Outcomes Assessment in six months and one year

• Recurrence rate of appropriate therapies;
• Density of ventricular ectopies;
• Complication rates per type of intervention;
• Number of in-hospital days per type of intervention;
• Assessment of LV function;

METHODS

This is a pilot, single-centre, open-label, randomized trial in patients with Chagas disease and multiple appropriate ICD therapies.
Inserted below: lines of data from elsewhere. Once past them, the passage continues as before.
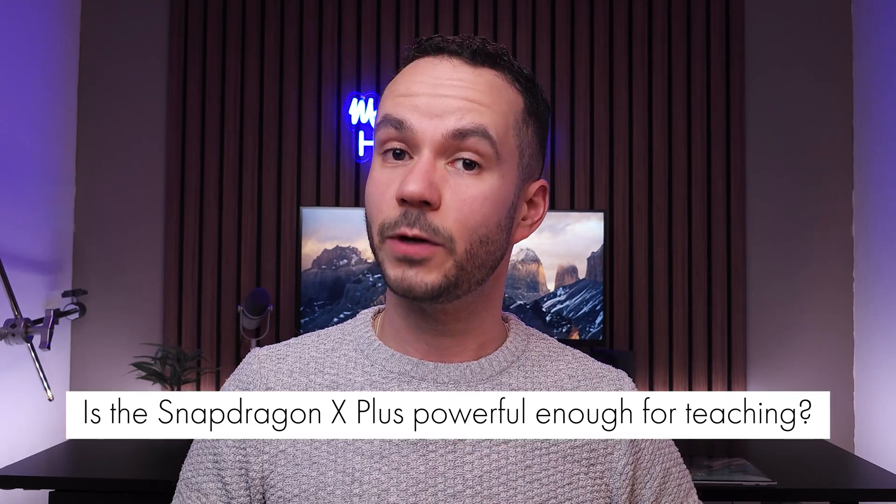Is the Snapdragon X Plus good enough for teaching? I think it is. If you want the best of the best and an OLED screen, go for the Snapdragon X Elite, but for regular teacher tasks the X Plus is sufficient — I even edit some videos on it and that works fine. I use the Surface Pro 11 as my daily driver at school because it's easy to travel with and has a touch screen with a pen. Why choose it over the iPad Pro as a teacher? The biggest reason comes down to Windows. The iPad Pro is an excellent tablet but when it comes to functioning as a laptop, it doesn't do that very well due to iPadOS limitations and the accessories required.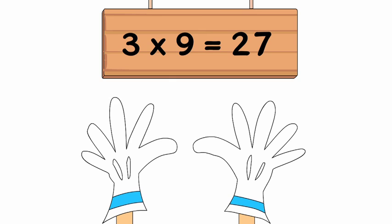Three times 9 — there's the 3. Count the fingers on the left to tell the digit in the tens place. That's two fingers there. Count the fingers on the right to tell the digit in the ones place.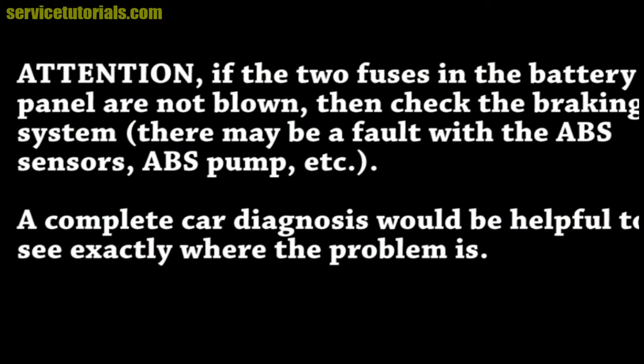Attention: if the two fuses in the battery panel are not blown, then check the braking system — there may be a fault with the ABS sensors, ABS pump, etc. A complete car diagnosis would be helpful to see exactly where the problem is.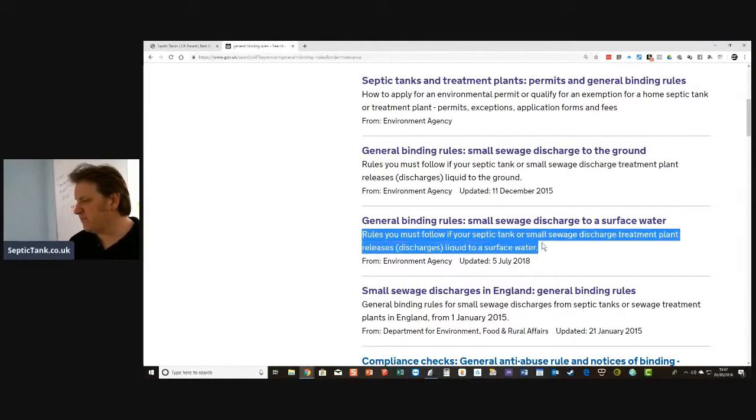On the gov.uk website, search 'general binding rules.' You'll find: rules you must follow if your septic tank or small sewage treatment plant discharges into surface water.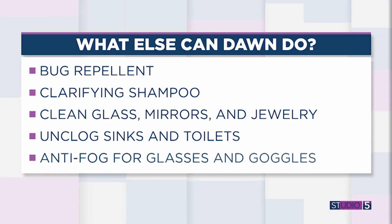And finally, as an anti-fog product for goggles and glasses — this is cool. When kids are swimming and their goggles are all fogged up, you pour a little bit of Dawn dish soap and rub it in. Same with your glasses — rub it in and it's anti-fog. The blue stuff holds power we didn't even know it had.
This study consists of three groups: (1) medical treatment, (2) catheter ablation and (3) bilateral sympathectomy, being included 15 patients in each group.

Inclusion Criteria:

• Patients with Chagas Disease Cardiomyopathy having an ICD
• At least four appropriate ICD therapies in the past six months, documented by device interrogation or medical records;
• Use of amiodarone and beta blockers in an optimized fashion;
• Life expectancy of more than one year
• Conditions for following the plan of clinical follow-up of the study.

Exclusion criteria:

• Presence of an absolute contraindication to receive any of the possible treatments of the study;
• Pregnant Woman;
• Less than 18 years-old;
• Renal insufficiency with creatinine >2.5 mg/dL (221 umol/L);
• Mobile thrombus in the left ventricle;
• Left Ventricle Ejection fraction < 10%;
• Unstable angina;
• Severe aortic stenosis
• Primary severe mitral insufficiency;
• New York Heart Association (NYHA) functional class IV;
• Previous cardiac surgery or scheduled.

The patients will be recruited consecutively in the outpatient clinic of Cardiac Pacing Unit, or in outpatient clinic of Arrhythmias Clinical Unit or in the Emergency Clinical Unit.

Group 1 - Medical Treatment: patients allocated to this group will receive amiodarone reimpregnation, incremental dose of beta-blocker and if possible ICD reprogramming.
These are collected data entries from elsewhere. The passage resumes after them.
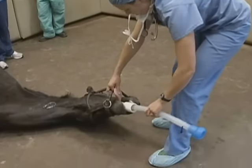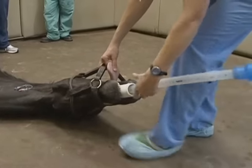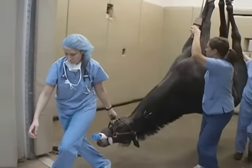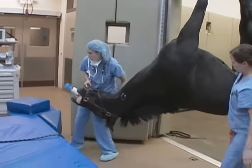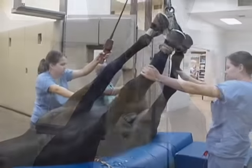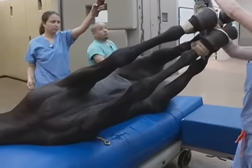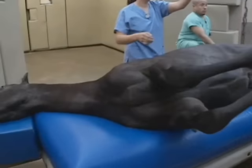Once the horse is in recumbency, we can place the endotracheal tube, which is a tube that goes through their mouth and into their trachea. Then the horse will be hoisted by its forelimbs and placed on the operating table. It's a very safe procedure to do and it's done in our hospital over 5,000 times a year without incident.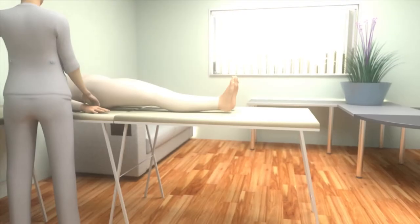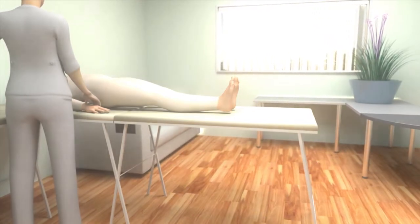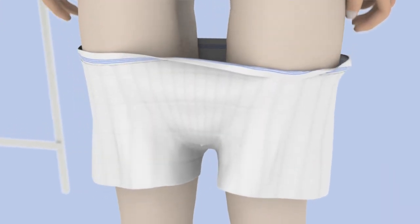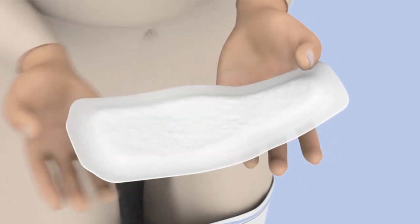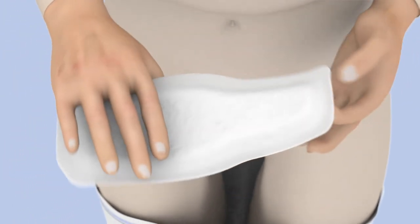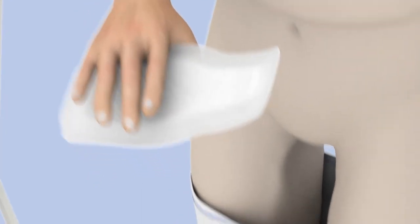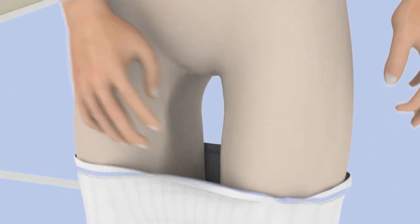To ensure the comfort and security of the patient, it's important that this product is fitted correctly. Start by pulling down the underwear to the knees. Then unfold the ID for men pad and remove the paper from the adhesive strip. Ensuring the wider part of the product is at the front, place the pad inside the underwear, making sure the adhesive strip is securely fastened to the underwear.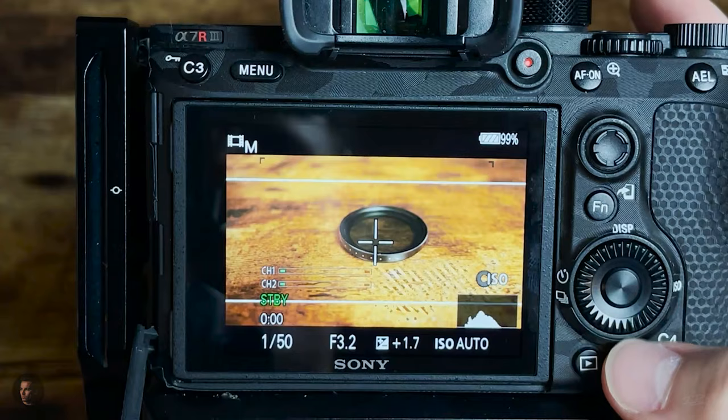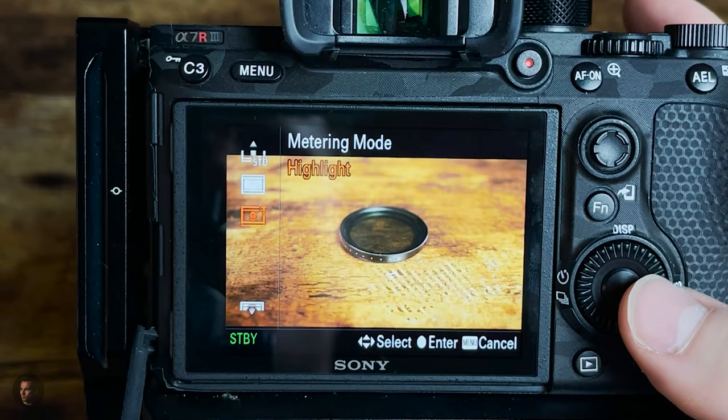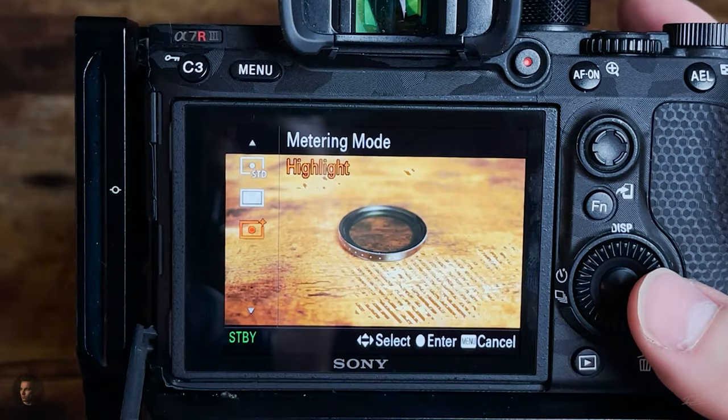If you don't understand metering yet, you'll need to do a little more research. My metering mode switches between highlight, multi, or entire screen average — but when I'm shooting video I really prefer highlight metering, and for photography I'll use multi metering.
Group 2 - Catheter ablation: patients allocated to this group will undergo epicardial and endocardial catheter ablation with the use of an irrigated contact sensor tip catheter. Voltage electroanatomical mapping using Carto System will be performed in all cases and if hemodynamically stable VT is induced, activation mapping will also be performed. The aim of the ablation is to eliminate the clinical VT additionally to substrate modification. The result of ablation will be defined as (1) complete success (all VTs non-inducible); (2) partial success (clinical VT non inducible, but other morphologies still inducible) and (3) failure (clinical VT still inducible).
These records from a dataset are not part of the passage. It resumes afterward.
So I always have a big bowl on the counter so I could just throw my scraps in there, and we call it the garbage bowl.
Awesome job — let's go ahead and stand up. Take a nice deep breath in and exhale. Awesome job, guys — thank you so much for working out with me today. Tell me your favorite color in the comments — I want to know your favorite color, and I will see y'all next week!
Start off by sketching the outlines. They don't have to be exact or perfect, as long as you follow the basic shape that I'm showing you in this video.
Group 3 - Bilateral sympathectomy - bilateral sympathectomy will be performed using video assisted thoracoscopy using the Ethicon Ultracision device. The denervation consists of lower 1/3 stellate ganglion and T3- T4 thoracic interspinal space videothoracoscopic cutting, isolating the whole sympathetic chain between these two points using ultracision device on the nerve branches. The cephalic portion of the stellate ganglion will be preserved to avoid Horner's syndrome and the electrocautery use will also be avoided for the same reason. Hemodynamic and echocardiographic behaviors will be continuously monitored during these surgical maneuvers. After the application, 10 ml of 0.25% bupivacaine solution will be injected along the site of the pleural dissection for postoperative analgesia. The lung will be reinflated under direct vision and a small tube will be inserted to remove the air through the upper incision, which will be removed at the end of the operation if possible. The two port sites will be closed primarily with absorbable stitches.

The study conformed to the principles outlined in the Declaration of Helsinki and was approved by the ethics committee and institutional review board of our hospital. All patients will provide written informed consent before randomization.